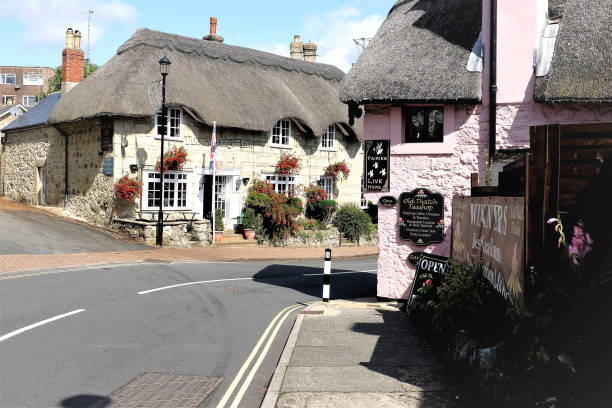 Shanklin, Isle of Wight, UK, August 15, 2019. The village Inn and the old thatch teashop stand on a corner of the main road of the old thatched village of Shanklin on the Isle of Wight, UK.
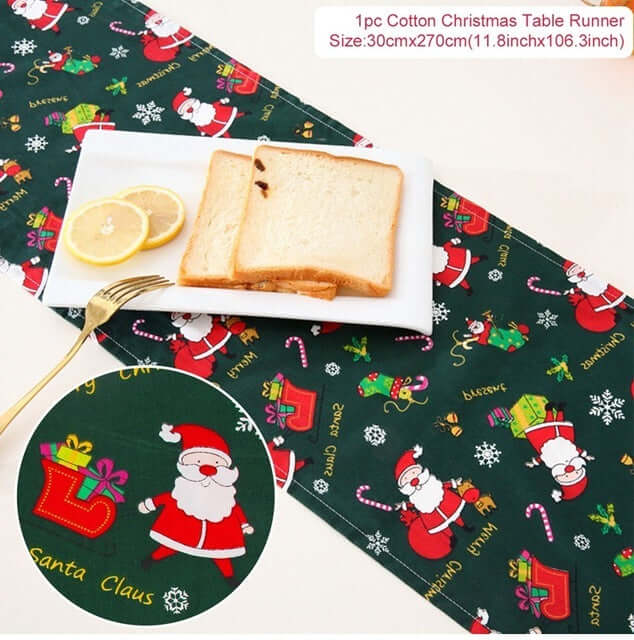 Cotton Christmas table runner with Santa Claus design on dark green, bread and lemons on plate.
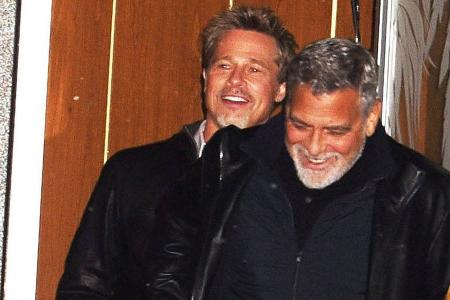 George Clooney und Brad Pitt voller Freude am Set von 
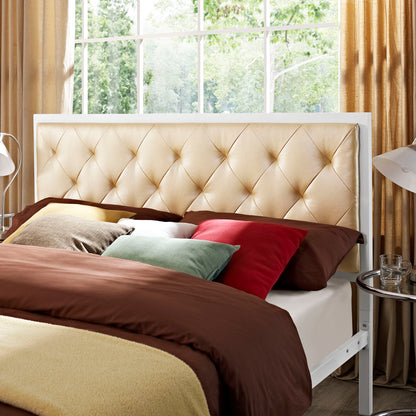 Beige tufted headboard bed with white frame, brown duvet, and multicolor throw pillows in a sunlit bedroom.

# INSTRUCTIONS FOR THE TASK
Only the lines from the one containing "George Clooney und" through the last line of the data belong in the copy, both included and reproduced exactly. Pictures do not.

# EXERCISE RESULT
 George Clooney und Brad Pitt voller Freude am Set von 
 Beige tufted headboard bed with white frame, brown duvet, and multicolor throw pillows in a sunlit bedroom.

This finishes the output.